Home
Artists
Search Recent Random
Posts
Search DMs Popular Hash Lookup Tags Random
Importer
Import FAQ
Register
Partychan Telegram Find&Fuck Waifus ThePornDude
Home Artists Posts Import Register

Millions of IoT Devices Exposed (Patreon)

Published:
2019-05-01 16:49:24
Imported:
2023-11
Tags:

Downloads

Content

by Shannon Morse, Threatwire  

Millions of baby monitors, webcams, security cameras, DVRs, and smart doorbells are vulnerable to P2P flaws that would allow an attacker to eavesdrop, steal credentials, or even remotely compromise a device according to security researcher Paul Marrapese. Marrapese found multiple vulnerabilities in the peer to peer communications protocol which is built into many IoT devices, specifically involving iLnkP2P which is software for P2P developed by a China-based technology company. It comes automatically on these devices to allow quick and easy remote access via a mobile app. You simply scan a barcode or put in a six digit ID that’s plastered on the bottom of the device, and tada - your mobile phone can now remotely connect to that IoT device. 

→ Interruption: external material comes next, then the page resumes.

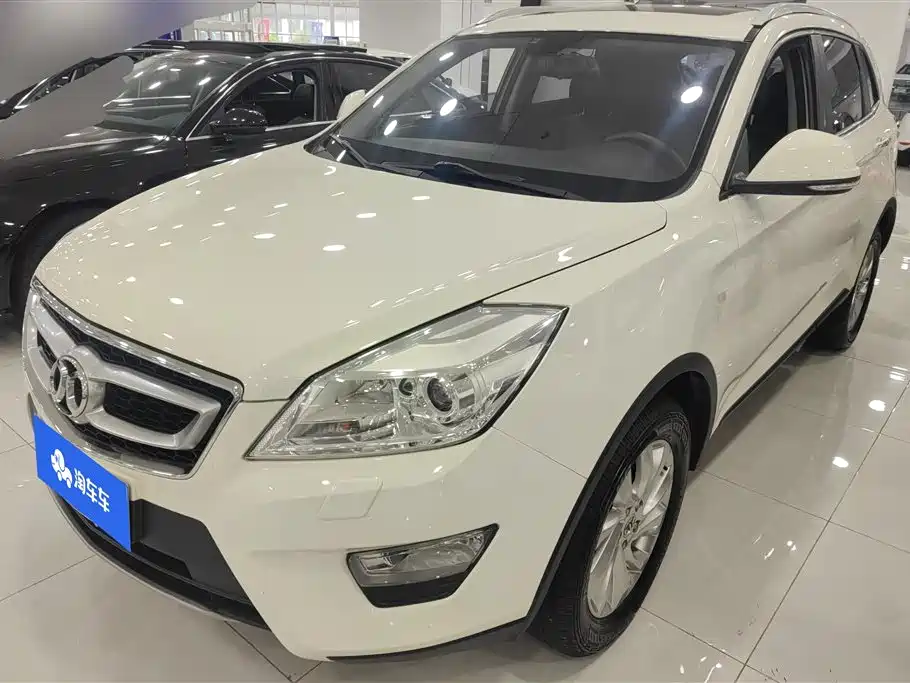 BAIC Senova X65 2015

But with that convenience also comes security flaws. iLnkP2P offers no encryption nor any authentication. It can be enumerated easily too - the UIDs for the devices all start with a unique alphabetic prefix that defines the manufacturer but is clearly published. Devices also feature a heartbeat - which will ping the P2P server at timed intervals. These both allow a hacker to get a direct connection to the device and bypass any restrictions like a firewall, even going as far as stealing passwords from the devices. The enumeration vulnerability has CVE-2019-11219 while the man in the middle attack against the heartbeat functionality has CVE-2019-11220.

Of the two million Marrapese found to be vulnerable with a proof of concept script, 39% are in China, 19% in Europe, and 7% are in the US. Brands included iMega Cam, EyeCloud, CoolCamOp, APCamera, and a lot more.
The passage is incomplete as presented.